FIG. 4 is a schematic diagram showing an example of a package producing step according to the present invention;
FIG. 5 is a plan view showing an example of means for preventing the supply of a new bobbin to a winding unit;
FIG. 6 is a front view thereof;
FIG. 7 is a front view showing an example of a delivery mechanism for forcibly discharging bobbins which remain in a winding unit;
FIG. 8 is a partially sectional side view thereof;
FIG. 9 is a schematic constructional perspective view showing an example of a winding unit; and
FIG. 10 is a layout plan view showing an example of a bobbin conveyance system in a winder.
An embodiment of the present invention will be described hereinunder with reference to the drawings.

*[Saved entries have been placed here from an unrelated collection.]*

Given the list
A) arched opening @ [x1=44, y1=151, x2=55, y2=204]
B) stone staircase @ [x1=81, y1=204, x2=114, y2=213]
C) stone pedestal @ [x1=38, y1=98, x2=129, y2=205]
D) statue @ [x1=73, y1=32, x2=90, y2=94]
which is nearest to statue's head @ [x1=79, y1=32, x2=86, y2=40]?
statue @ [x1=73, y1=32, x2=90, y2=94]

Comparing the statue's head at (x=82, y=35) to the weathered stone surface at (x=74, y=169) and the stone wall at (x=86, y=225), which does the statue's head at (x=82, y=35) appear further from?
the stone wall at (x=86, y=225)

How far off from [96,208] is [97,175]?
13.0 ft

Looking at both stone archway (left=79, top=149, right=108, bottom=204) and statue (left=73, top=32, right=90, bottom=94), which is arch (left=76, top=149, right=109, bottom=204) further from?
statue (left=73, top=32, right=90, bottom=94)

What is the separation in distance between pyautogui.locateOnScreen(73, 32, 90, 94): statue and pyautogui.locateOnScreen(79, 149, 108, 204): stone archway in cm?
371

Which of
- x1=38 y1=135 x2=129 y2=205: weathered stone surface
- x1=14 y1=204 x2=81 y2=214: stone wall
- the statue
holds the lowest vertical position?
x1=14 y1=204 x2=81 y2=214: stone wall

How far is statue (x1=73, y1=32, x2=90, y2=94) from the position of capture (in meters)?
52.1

FIGS. 9 and 10 show an example of an automatic winder to which the present invention is applied. In those figures, a plurality of winding units Ul-Un are disposed side by side to constitute a winder W as shown in FIG. 10. The winding units are positioned between a spinning bobbin conveyance path 1 and an empty bobbin conveyance path 2. As shown in FIG. 9, a spinning bobbin 4 mounted on a tray 3 is automatically taken into a passage 5 of each winding unit by means of guide plates 6, 7, 8 and a disc 9. In this way, a predetermined number of spinning bobbins are stocked in the passage 5. Under the bobbin located in a rewinding position 10 there is provided a pressure air injection nozzle 11 connected to a pressure air supply source (not shown). The pressure air injected from the nozzle 11 spouts into the core tube of the spinning bobbin through an air passage formed in the tray and blows up outwards the yarn end hanging into the core tube from the upper end. Then, a stand-by suction pipe 18 seizes the yarn end and guides it to a yarn joining device. Each winding unit is further provided with a traverse drum 19 and a yarn clearer, and the yarn is taken up to a package.

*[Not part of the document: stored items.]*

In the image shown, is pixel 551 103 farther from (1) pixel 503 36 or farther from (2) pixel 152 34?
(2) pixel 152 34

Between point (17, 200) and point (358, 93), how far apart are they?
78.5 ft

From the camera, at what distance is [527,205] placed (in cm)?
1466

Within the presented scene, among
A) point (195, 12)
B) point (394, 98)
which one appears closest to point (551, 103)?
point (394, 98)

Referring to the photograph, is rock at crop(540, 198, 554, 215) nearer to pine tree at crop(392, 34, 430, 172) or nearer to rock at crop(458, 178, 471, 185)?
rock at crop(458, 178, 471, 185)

The bobbin ejected from the winding unit is conveyed together with the tray in the direction of an arrow 12 along the empty bobbin conveyance path 2. Then, in a bobbin handling station 13, an empty bobbin or a bobbin with extremely slight remaining yarn is pulled out from the tray and transferred as an empty tray 3 to a spinning bobbin supply station 14. The tray supplied with a spinning bobbin at the station 14 is fed through a yarn end finding device 15 to the winding unit side.
Among the bobbins discharged from the winder there is a so-called partial bobbin having judged to be a yarn joining impossible bobbin and having a large quantity of yarn layer, or a later-described surplus bobbin. Therefore, such a bobbin can be fed again to the winding unit (Ul-Un) side through the yarn end finding device 15 past the bobbin handling station 13 and the spinning bobbin supply station 14 without stopping.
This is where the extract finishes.